Here's My Honest Answer To The Question, "What Do You Need?"

People fighting cancer, both patients and caregivers, need your help. Generally asking them what they need is nice, but offering a specific solution is even nicer. If you’re unsure of ideas to offer your time and help, read more below.

Cancer treatment can take a lot out of you, physically and mentally. A good caregiver is, of course, an essential part of helping you through treatment. But let’s be honest, even the most patient and caring of caregivers can get a little worn out with treatment, too. That’s when you need to rely on others to help both you and your caregiver.

One of the most common ways people start the conversation is by asking the question, “What do you need?”. Though this question is a very fair one to ask, I couldn’t help but think the response, “What don’t I need?” to myself. In these cases, the best thing other people did was TELL us what they were going to do for us, rather than ASK us what we needed. It is difficult to ask for help for the patient and caregiver, and puts a lot of pressure on us. I always appreciated when someone would just tell me what they were going to do for me.

The following are a few of the things friends and family did for me and my caregiver throughout almost five years of treatment:


      Of course, this is always at the top of any list of how people offer help, plus it’s one of the easier ways of reaching out. Chemo and radiation left me with little appetite, but that didn’t mean food didn’t matter. My husband also still needed to eat, so I made sure when people offered to bring food it was something both my husband and myself would enjoy.

Gift cards.

      Friends would send us Visa gift cards, gift cards to restaurants, and even Target. We had to spend nine months away from home for me to do radiation and then a full bone marrow transplant. We were more than 400 miles from home. As you can imagine, it can be expensive to be that far from home for that long. These really helped us offset some of the costs.

Taking care of our home.

      Throughout the years, I had to leave home twice for treatment. Both times, family and friends stepped in to look after our house. They picked up our mail and drove by the house to make sure everything looked o.k. They even did projects around the house that we would never have gotten around to. They made sure we had a clean house and a refrigerator stocked with fresh food.

Surprise milkshakes.

      During my first chemo regimen, there wasn’t much that sounded good to me, but a chocolate milkshake would usually hit the spot. Some of the best days were when friends called to say they were on their way to my house with a milkshake—and I didn’t even have to ask! A small but thoughtful gesture like that can really make someone feel loads better.

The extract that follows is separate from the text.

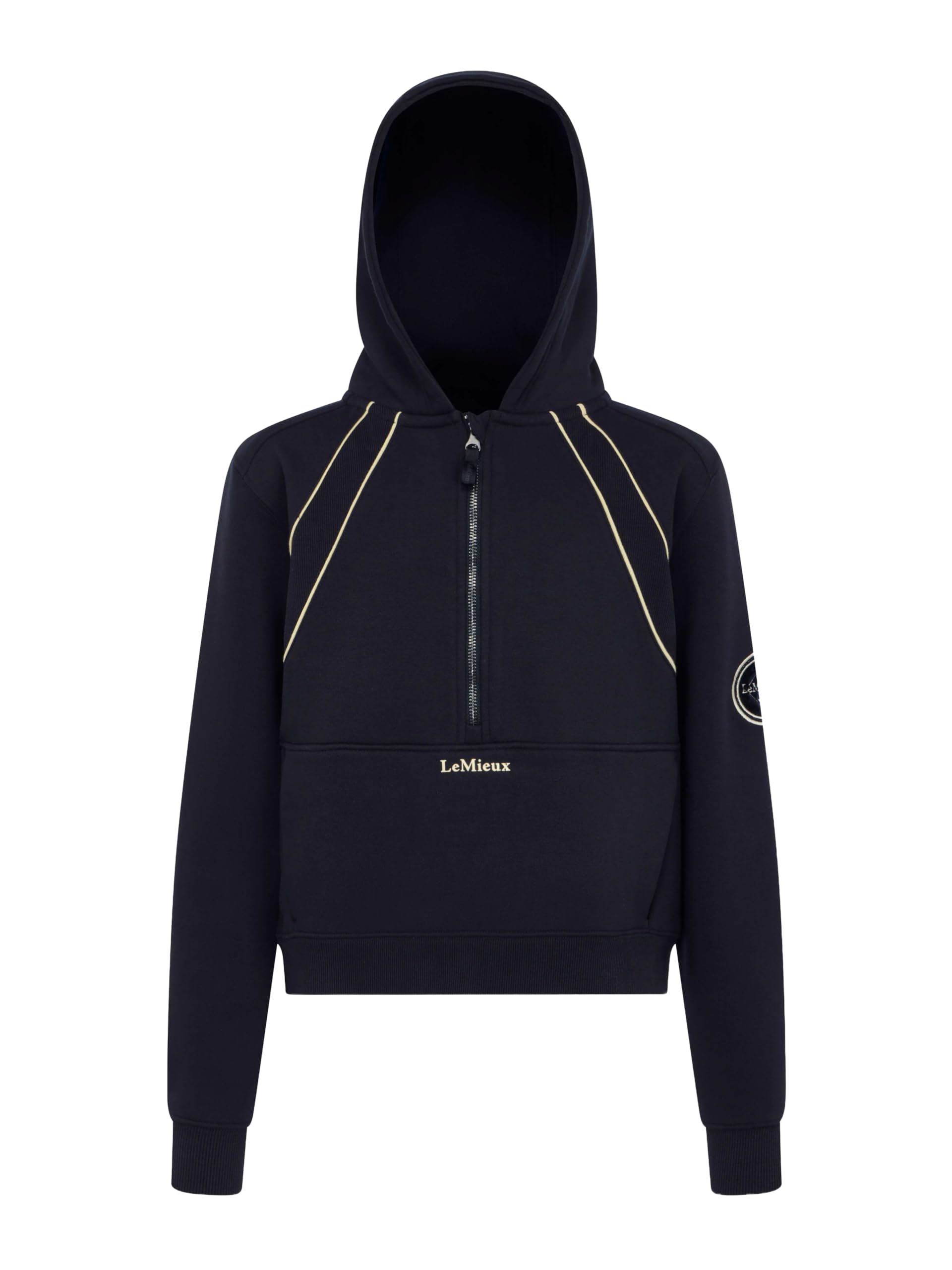 LeMieux Young Rider Hettie Childrens Half Zip Hoodie - Navy Blue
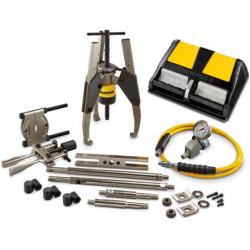 MPS14A, 14 Ton, Hydraulic Sync Grip Master Puller Set with Air Pump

Lending a sympathetic ear.

      Sometimes I just needed someone to talk to, someone who would listen without judgment, about my fears—of having cancer, about my treatment, side effects, the future.

There are so many ways to be there for a family member or friend going through cancer; this is just a brief list of the best things people did for me. Hopefully it can get you thinking on all the things, big or small, you can do for others.